ONI

Kim są ONI, władza, która pozbawia nas wolności, między nami niewolnikami, każdy ma swój matrix, ignorancja zamiast walki, gdzie jest nasza niepodległość.

Zauważyliście zapewne, że z pełną premedytacją używam, a może nawet nadużywam określenia ONI. Myślę, że nie tylko Mathildę denerwuje ta nazwa. Nie omieszkała o tym napisać w swój specyficzny sposób, który tak lubię: Nie mam pojęcia, kto to są CI ONI, którzy „zrobią wszystko, żeby…” i nie szukam po świecie, żeby ich wreszcie wskazać palcem lub wziąć na celownik i wystrzelać. Otóż problem w tym, że nie można ich wskazać palcem, a o wystrzelaniu nawet nie myślę, bo z agresją i przemocą pożegnałem się już dawno raz na zawsze. A jeśli chodzi o ONYCH, pojawili się w moim życiu wraz z dorosłością. 

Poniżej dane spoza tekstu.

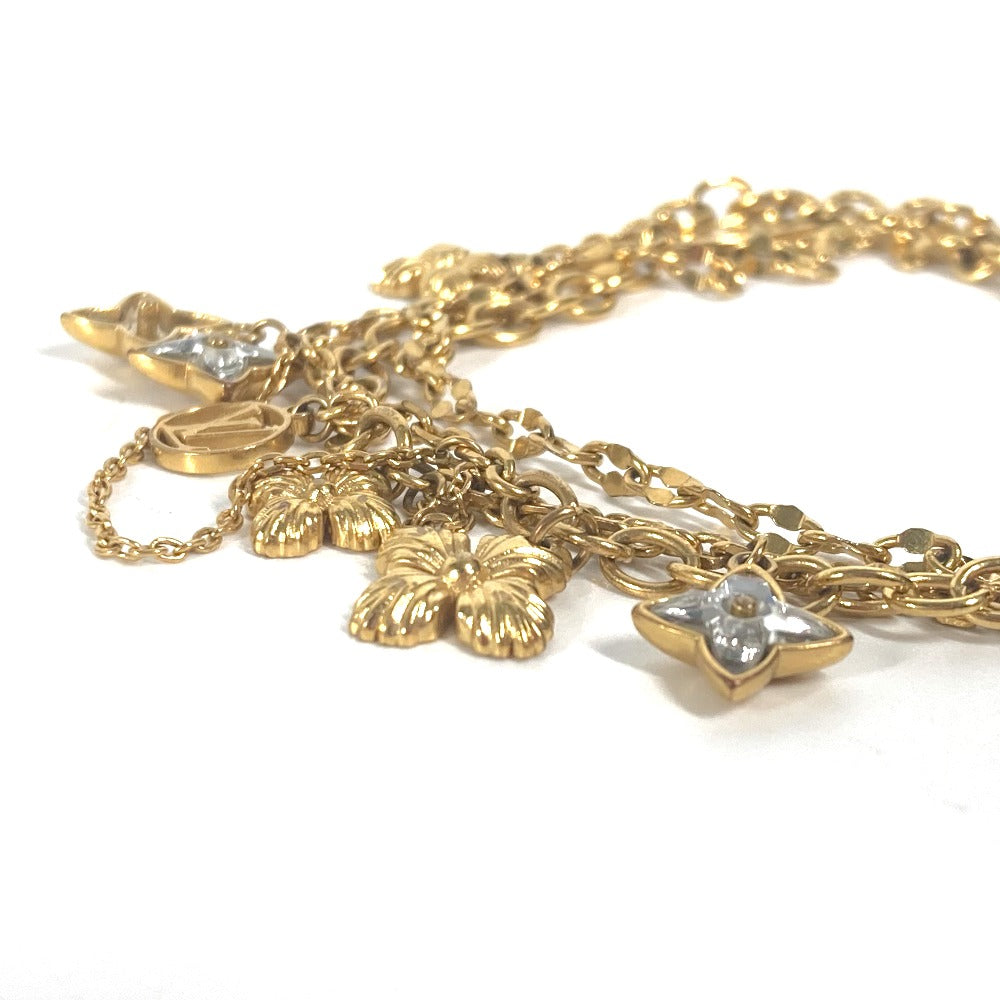 LOUIS VUITTON bracelet M68375 metal gold Accessories Blooming Bracelet Strass Bracelet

Za komuny, której nigdy w Polsce nie było, wszyscy mówili ONI i każdy wiedział, o kogo chodzi. To było jednoznaczne. MY to naród a ONI to władza. Tak to funkcjonowało przez całe lata, używałem tego określenia w felietonach, monologach i skeczach, tak samo zresztą jak większość moich kolegów artystów. Wszystko skończyło się razem z objęciem władzy przez Wielką Solidarność! Ta władza była przecież nasza, a więc nie wypadało mówić o ONYCH i jeśli ktoś to jeszcze robił na estradzie, traktowany był jak ktoś, kto puścił bąka w salonie. Określenie ONI wypadło z obiegu i pojawiło się na nowo stosunkowo niedawno.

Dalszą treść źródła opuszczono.